Task:
Make an exact copy of the whole listing, but leave its pictures out.

Recorded information:
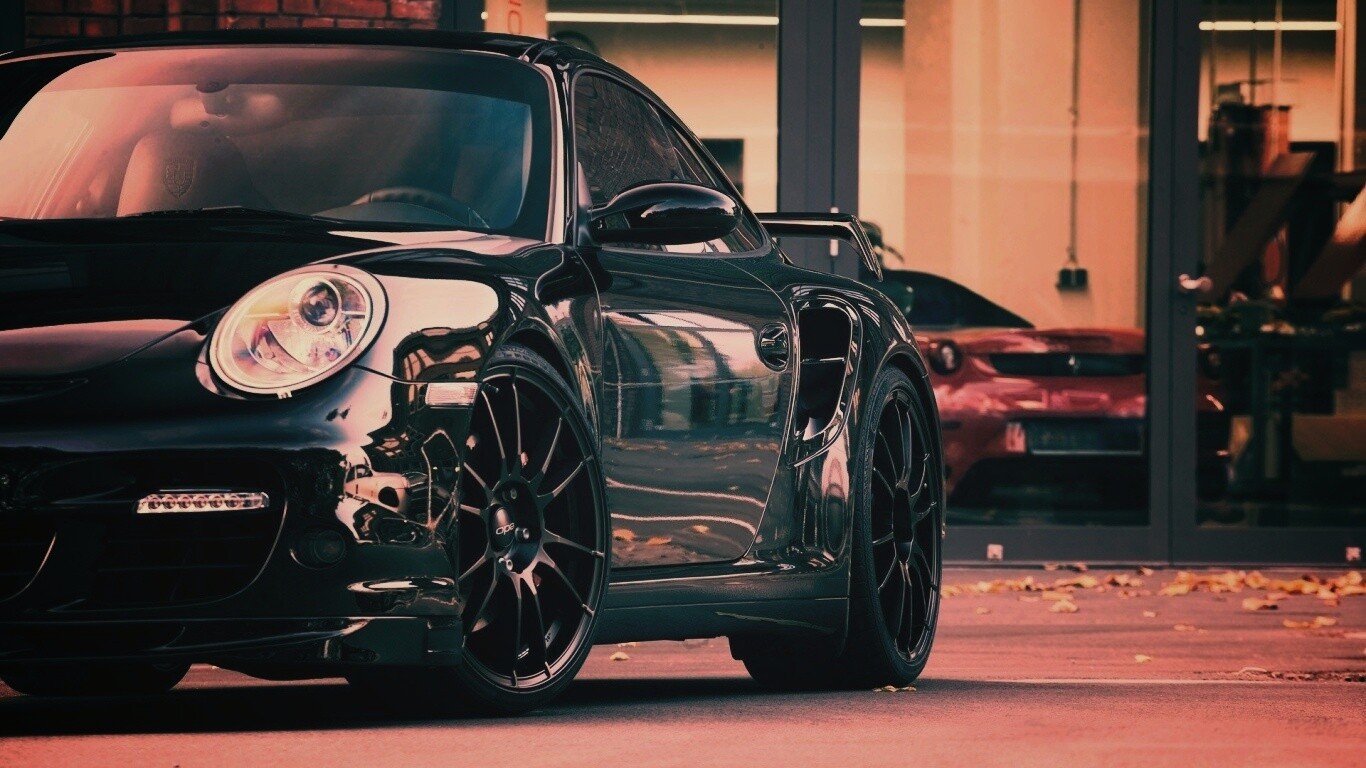 Порш на улице обои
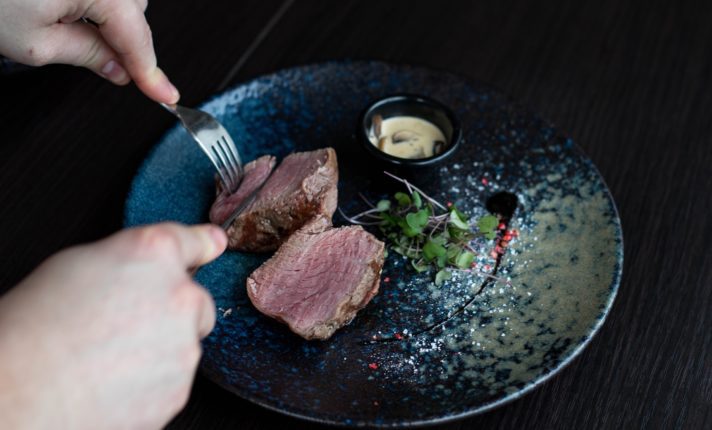 Empresa em Dublin contrata provadores de carne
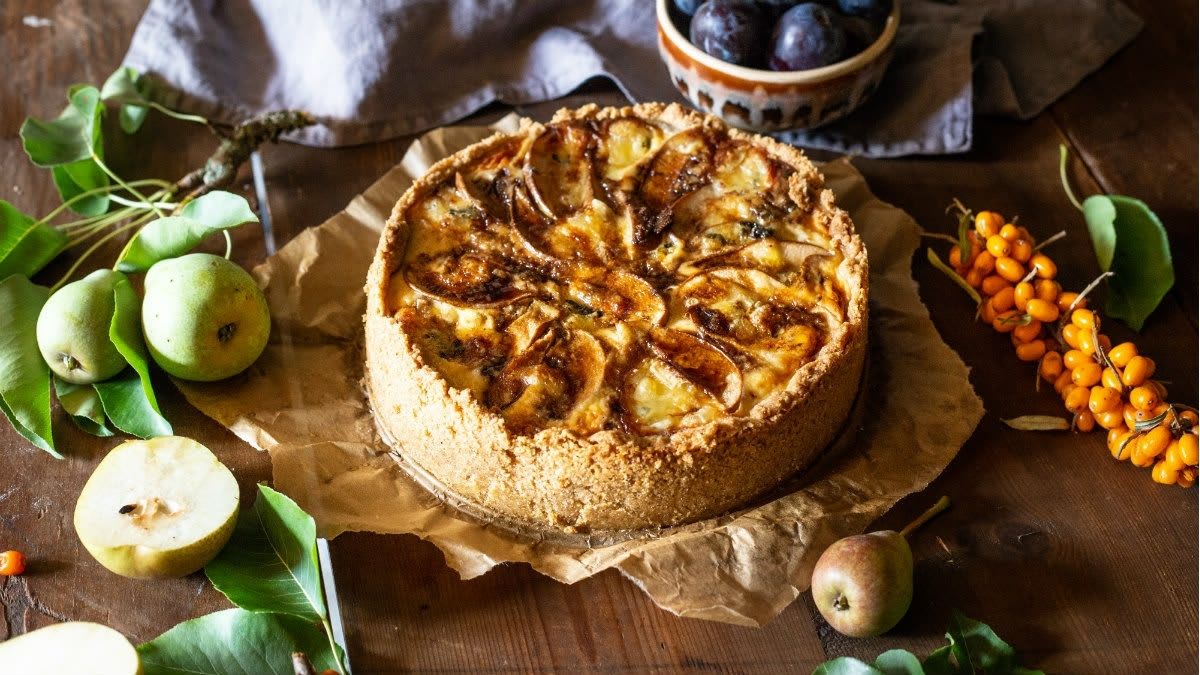 Kriaušių pyragas su graikiniais riešutais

Answer:
 Порш на улице обои
 Empresa em Dublin contrata provadores de carne
 Kriaušių pyragas su graikiniais riešutais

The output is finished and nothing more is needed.